If, for instance, you take the highest values at each site as reflecting meteoric water, then you want to look at either elevation or distance from the paleoshoreline. In both cases, these two sites are virtually identical, being less than 3 km different in distance and no more than 60 m different in elevation, yet the difference in the highest ∂18O is about 4‰, which should represent some 1600m difference in elevation according to the tables in Mix et al. This cannot be paleoelevation, it is unlikely to reflect differences in paleorainfall unless these are samples from profoundly different times. And if that is the case, then all of these data are uninterpretable until their ages are greatly refined (which is not an easy trick).
OK, so the oxygen story kind of sucks. What of the original hydrogen story?
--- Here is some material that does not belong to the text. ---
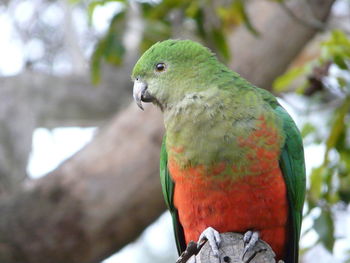 Close-up of king parrot looking away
Here’s the plot of ∂D vs river distance, with Gold Run fixed again:
Again we notice a pretty broad range at any individual site with a lot of samples. So You Bet, for instance, runs from -87 to -98; Gold Run–again just next door–varies from -103 to -106 (the other values at 64 km distance are from Malakoff Diggings). So the difference in the meteoric water should be no less than 5‰ and could be as high as 16‰, so a paleoelevation interpretation of a difference of 330m to about 1 km. This doesn’t seem to be much of an improvement over the issues with the oxygen data. And if you plot this data with airline distance from the paleoshoreline or versus elevation, the patterns get uglier as north-south variations along the one stretch of the paleoYuba collapse:
If the high end of the measurements reflects meteoric water, then there is a deep hole in the You Bet region 45-50 km from the shoreline. If the low end reflects river water, then there is no variation over 600m of modern elevation before a sudden drop near 900 m modern elevation with no further change in elevation below that.
Arguably that is over interpreting these data, but then so is drawing a line through these points. The intra-locality scatter of nearly 10‰ limits any interpretation that does not resolve possible temporal variations or possible variations in the kaolinitization environment. Certainly it is possible that there are large variations in the isotopic composition of Eocene rivers or rainfall, but with that scatter and the strong lateral differences over very short distances, it seems equally probable that there are no resolvable differences in rainfall or river water.
So do we know there was a “hot, high Eocene Sierra” as the title of the Mix et al. paper promises? No, we do not. That might be the case, but there are enough internal inconsistencies in the geochemical data to make the case far from certain.